Being scrappy is all about extracting maximum value from minimal resources, staying inventive, and moving fast. The ideas that most reinforce this mindset are the ones that give us the independence to build our own solutions, keep our work lean, and force us to target the real problem instead of adding layers of ceremony.
We're Scrappy
Find the flank, win the war
We ask ourselves: What hidden angle can we exploit today? Scrappy thinking turns limited resources into decisive advantage.
- Spot the core problem, then attack from the side.
- Use creativity instead of big budgets.
- Turn every loss into a learning sprint.
What It Means At Corporate Tools
Being Scrappy means treating business like a battlefield where we rarely have the firepower for a head‑on assault. Instead of matching the titans’ size, we hunt for the weak spot, the side‑door, the unexpected angle that lets us advance with far fewer resources. The “flank move” is our default strategy: identify the real problem, craft a lean, high‑impact plan, and give the team crystal‑clear direction to execute quickly.
Scrappy is also a mindset. It rejects textbook solutions and corporate playbooks in favor of street‑smart tactics, rapid experimentation, and learning by doing. We value scheming sessions, quick pivots, and the willingness to lose a battle so we can win the war. When every teammate treats every obstacle as a chance to outmaneuver, the whole organization gains speed, resilience, and an edge that money alone cannot buy.
In practice, being Scrappy looks like: a two‑week “scheming” sprint where we surface what’s working, a clear, concise battle plan that every person can see, and a culture that celebrates clever workarounds as much as big wins. It is the habit of constantly asking, “What’s the next side‑move?” and acting on it before the competition even notices.
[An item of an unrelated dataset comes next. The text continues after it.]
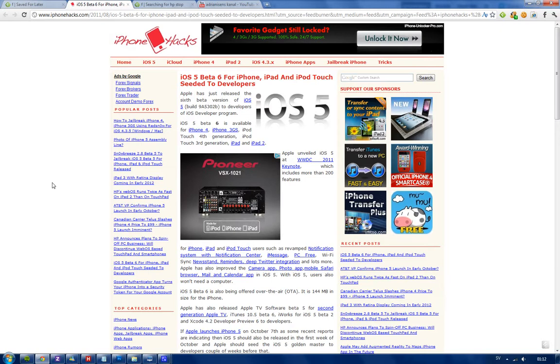I'm probably going to make a video about that. But if you are a developer, obviously you can go ahead and download this right now from the iOS Developer Program. If you don't know what that is, hopefully you do know. Alright, see you.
How This Shows Up In Your Day
You are living this when
- You map the opponent’s strengths, then choose a side route that avoids them.
- You run a quick “scheming” session (every 1–2 weeks) to share wins, failures, and emerging tactics.
- You turn a failed experiment into a concrete lesson that reshapes the next plan.
- You empower the team to act on the flank without waiting for multiple approvals.
You are not living this when
- You try to copy a rival’s playbook instead of finding your own angle.
- You spend weeks polishing a perfect front‑line solution that never gets traction.
- You avoid risk because you fear losing, so no experiments ever happen.
- You delay action waiting for a “perfect” strategy that may never appear.